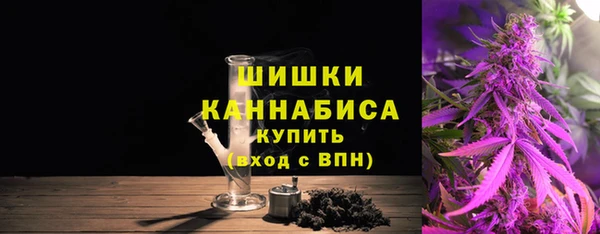 PSILOCYBIN Гусев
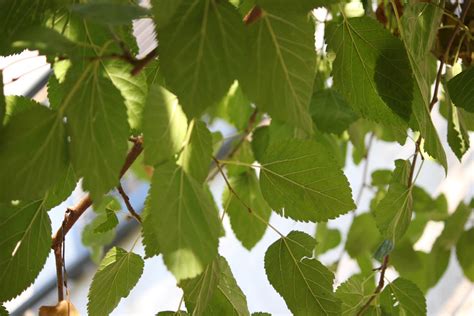 hanging leaves  greenbenbon  deviantart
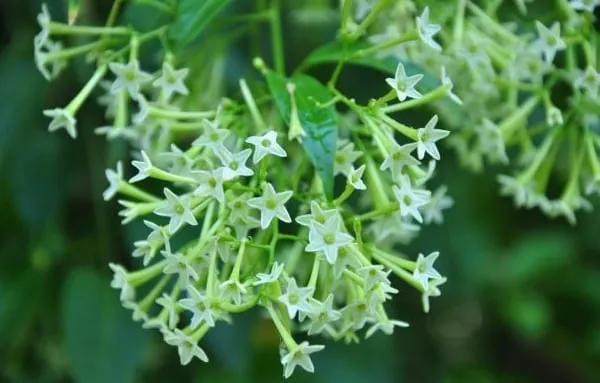 Hoa dạ lý hương, hay còn được gọi là hoa lý xiêm la, là một loại cây mang lại không chỉ vẻ đẹp của mình mà còn hương thơm dễ chịu.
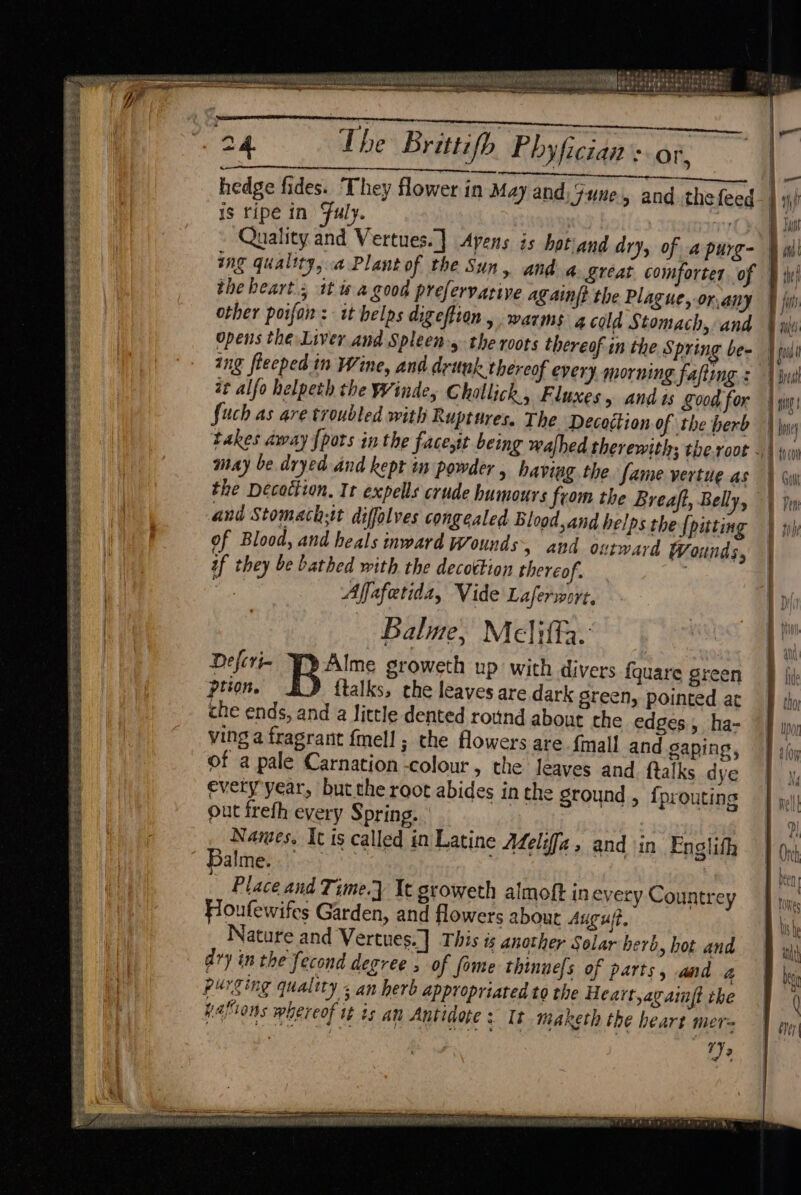 pebezisika gs ° BSE $85 ext # ELSE Sel CERES SV GAS SSE RSE SSL EAS Ep eee poe a eee Liegeker eset Stee eRa See Stay if es > T 8 ebe be mt ee a Lhe Brittifh Phyfician sor, hedge fides. They flower in May and, F-une » and thefeed is ripe in Fuly. “eS Ty Quality and Vertues.] Apens is hotand dr > Of apurg- the heart.; it is a good prefervative ag ainft the Plague, or.any other poifon: it helps digeftion, warms g cold Stomach, and opens the Liver.and Spleens the roots thereof in the Spring be- it alfo helpeth the Winde, Challick, Fluxes, ands S004 for fuch as are troubled with Ruptures. The Decoétion of the herb may be dryed and kept in powder , having. the fame vertue as the Decottion, Ir expells crude humours from the Breaft, Belly, and Stomach:it diffolves congealed Blood,and helps the {pitting of Blood, and heals inward Wounds > and outward Wounds, if they be bathed with the decottion thereof. . Affafetida, Vide Laferwort. Bale, Meliffa. Defcri- Alme groweth up with divers {quare green tion. {talks, the leaves are dark green, pointed at che ends, and a little dented round about che edges, ha- ving a fragrant fmell ; the flowers are {mall and gaping, of a pale Carnation -colour » the leaves and {talks dye every year, butthe root abides in the ground , {prouting out frefh every Spring. Names. It is called in Latine Meliffa , and in Englith Balinetis}ies ys. | | Place and Time.] It groweth almoft in every Countrey Houfewifes Garden, and flowers about August, Nature and Vertues.] This is another Solar herb, hot and dry in the fecond degree ; of fome thinuels of parts, and 4 purging quality ~ an herb appropriated to the Heart,avamft the haftions whereof it is an Antidote : It maketh the heart mers Ve Sie => = = | i |! Brea q sig 7 HB dovey {0 c0t a B Goi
........
(Work order) Would you please transcribe the listing in full, exactly, while omitting the images?

(Response area)
 PSILOCYBIN Гусев
 hanging leaves  greenbenbon  deviantart
 Hoa dạ lý hương, hay còn được gọi là hoa lý xiêm la, là một loại cây mang lại không chỉ vẻ đẹp của mình mà còn hương thơm dễ chịu.
 pebezisika gs ° BSE $85 ext # ELSE Sel CERES SV GAS SSE RSE SSL EAS Ep eee poe a eee Liegeker eset Stee eRa See Stay if es > T 8 ebe be mt ee a Lhe Brittifh Phyfician sor, hedge fides. They flower in May and, F-une » and thefeed is ripe in Fuly. “eS Ty Quality and Vertues.] Apens is hotand dr > Of apurg- the heart.; it is a good prefervative ag ainft the Plague, or.any other poifon: it helps digeftion, warms g cold Stomach, and opens the Liver.and Spleens the roots thereof in the Spring be- it alfo helpeth the Winde, Challick, Fluxes, ands S004 for fuch as are troubled with Ruptures. The Decoétion of the herb may be dryed and kept in powder , having. the fame vertue as the Decottion, Ir expells crude humours from the Breaft, Belly, and Stomach:it diffolves congealed Blood,and helps the {pitting of Blood, and heals inward Wounds > and outward Wounds, if they be bathed with the decottion thereof. . Affafetida, Vide Laferwort. Bale, Meliffa. Defcri- Alme groweth up with divers {quare green tion. {talks, the leaves are dark green, pointed at che ends, and a little dented round about che edges, ha- ving a fragrant fmell ; the flowers are {mall and gaping, of a pale Carnation -colour » the leaves and {talks dye every year, butthe root abides in the ground , {prouting out frefh every Spring. Names. It is called in Latine Meliffa , and in Englith Balinetis}ies ys. | | Place and Time.] It groweth almoft in every Countrey Houfewifes Garden, and flowers about August, Nature and Vertues.] This is another Solar herb, hot and dry in the fecond degree ; of fome thinuels of parts, and 4 purging quality ~ an herb appropriated to the Heart,avamft the haftions whereof it is an Antidote : It maketh the heart mers Ve Sie => = = | i |! Brea q sig 7 HB dovey {0 c0t a B Goi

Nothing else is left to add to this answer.